- [Problem description]
Can you copy out the data exactly? Leave the images out.

- [Information shown]
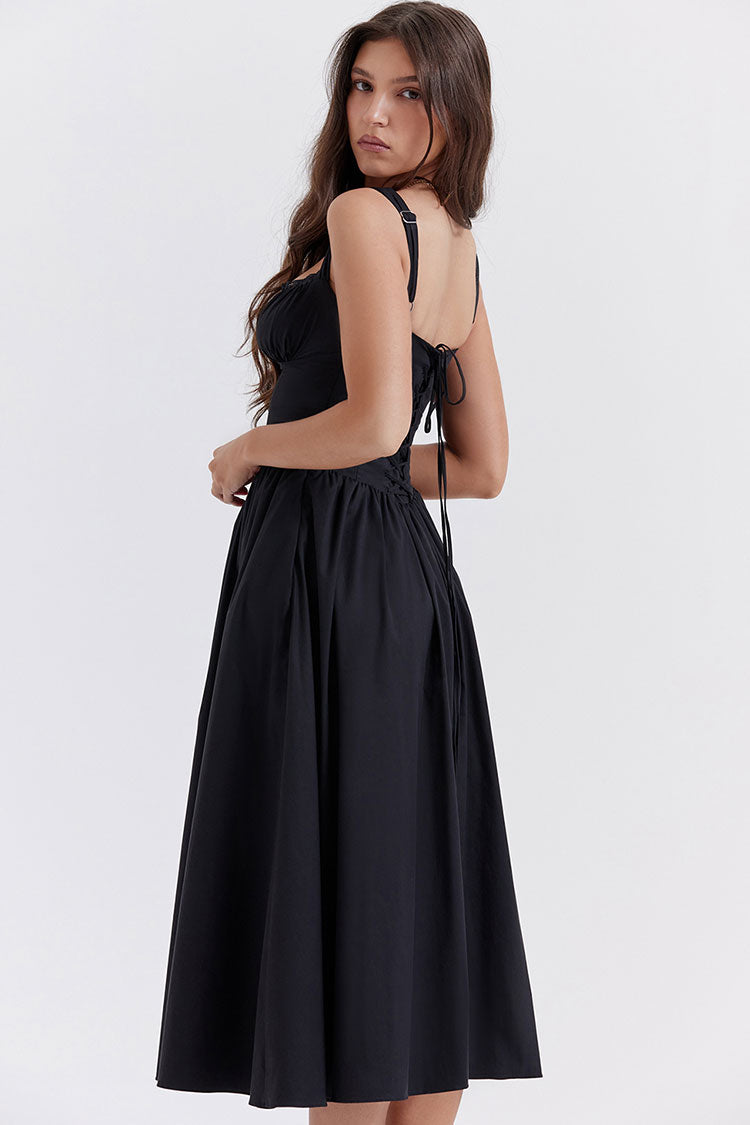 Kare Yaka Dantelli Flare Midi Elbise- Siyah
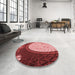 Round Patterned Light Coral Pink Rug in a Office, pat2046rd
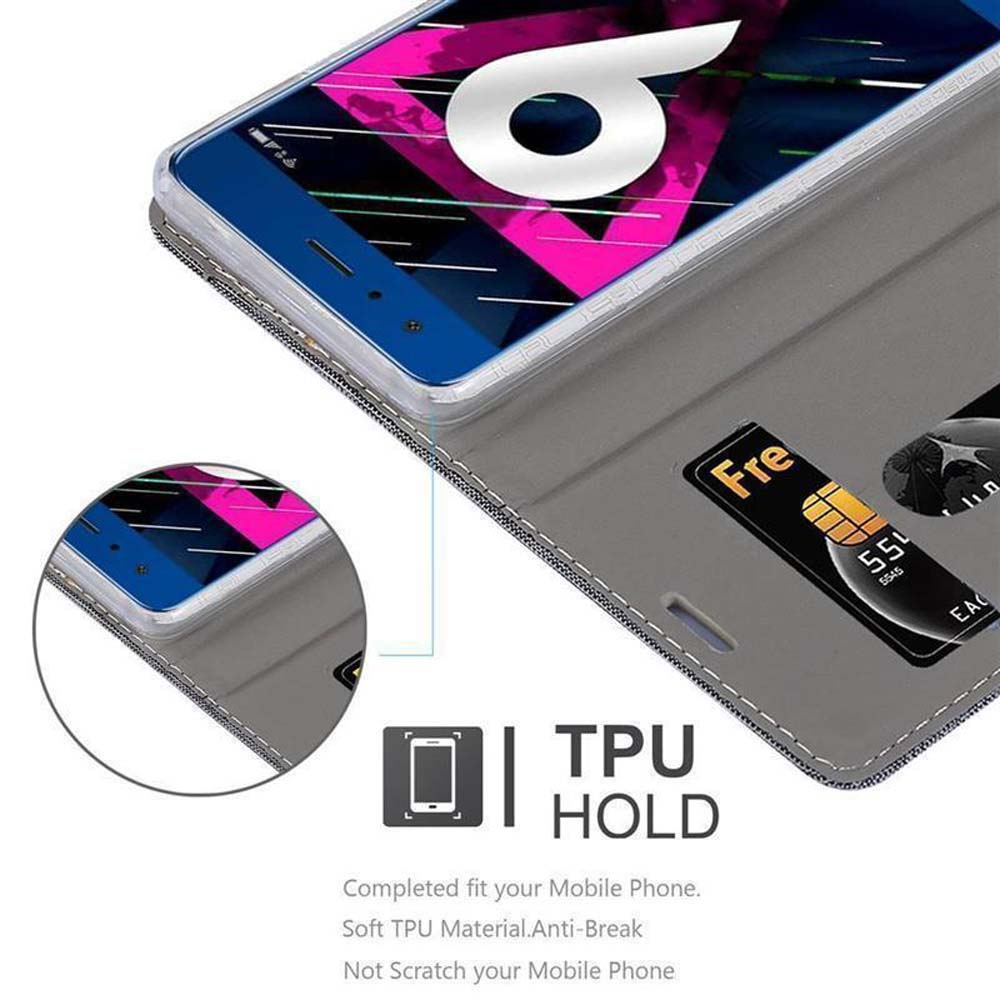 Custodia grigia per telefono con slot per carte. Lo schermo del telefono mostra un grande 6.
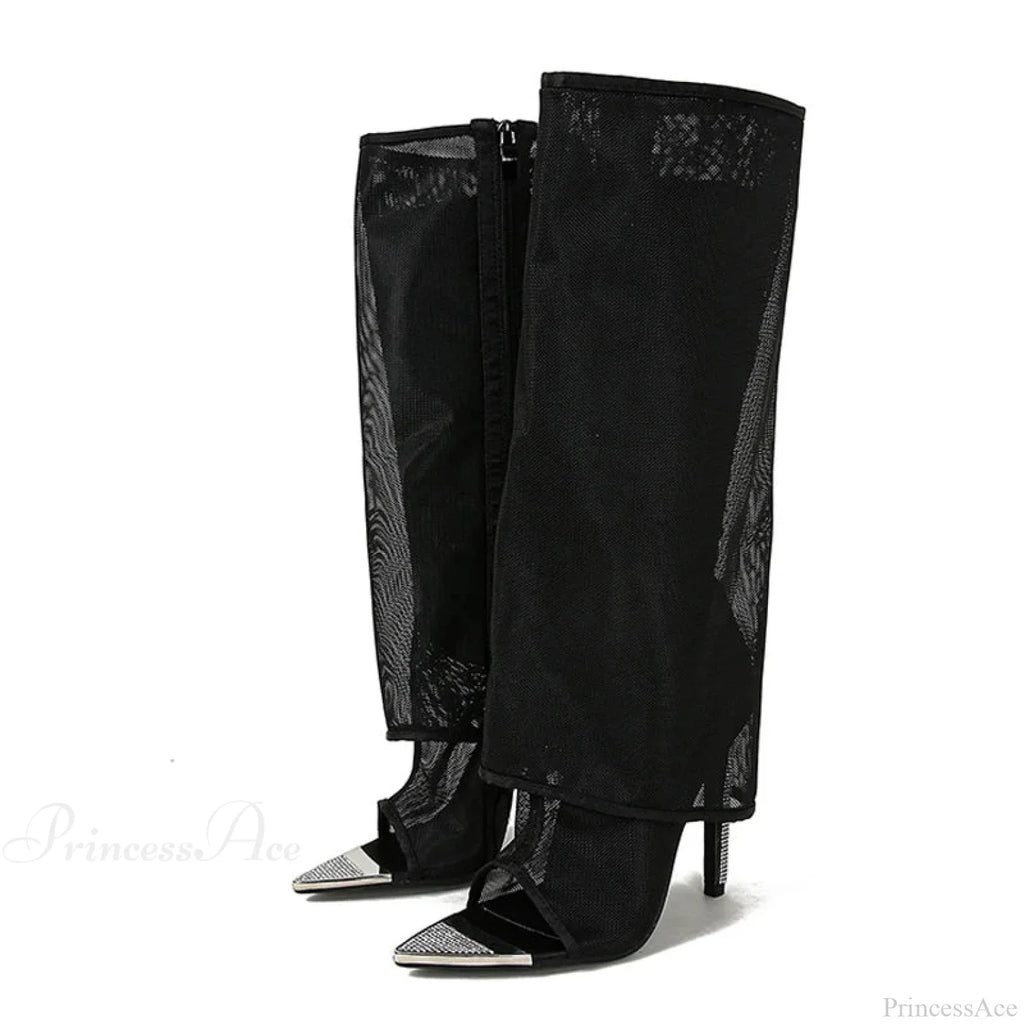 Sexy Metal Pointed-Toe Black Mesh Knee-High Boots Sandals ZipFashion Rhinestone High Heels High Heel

- [Result of the exercise]
 Kare Yaka Dantelli Flare Midi Elbise- Siyah
 Round Patterned Light Coral Pink Rug in a Office, pat2046rd
 Custodia grigia per telefono con slot per carte. Lo schermo del telefono mostra un grande 6.
 Sexy Metal Pointed-Toe Black Mesh Knee-High Boots Sandals ZipFashion Rhinestone High Heels High Heel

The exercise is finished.